Y junto a la conciencia verdadera está la conciencia recta que es aquella que busca o tiene la intención de adecuarse a la ley. Hay, en consecuencia, un esfuerzo por parte de la persona de conocer la norma moral y adecuarse a ella. Quiere, en definitiva, conformarse a lo objetivamente bueno. Esto no excluye el error, la equivocación, pero en este caso no sería culpable. ¿Y cómo saber si se actúa con conciencia recta? Nos puede servir aquello de Santo Tomás de Aquino, una vez más:

… la regla de los actos humanos no es cualquier razón, sino la recta razón.

La rectitud de la conciencia tiene lugar cuando la synderesis, también llamada conciencia habitual, aplica la ley natural en su obrar porque se impone a la conciencia por sí misma y a la que llamamos la voz de la conciencia.

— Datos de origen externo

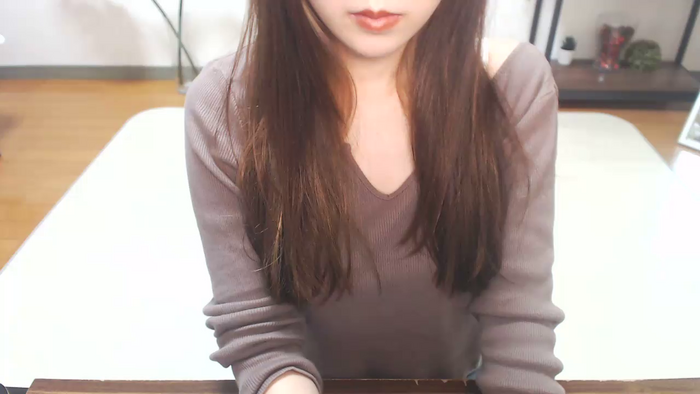 MOMOpop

El Concilio Vaticano II en la Gaudium et spes, lo expresó de forma muy claro:

En lo más profundo de su conciencia descubre el hombre la existencia de una ley que él no se dicta a sí mismo, pero a la cual debe obedecer, y cuya voz resuena, cuando es necesario, en los oídos de su corazón, advirtiéndole que debe amar y practicar el bien y que debe evitar el mal: haz esto, evita aquello.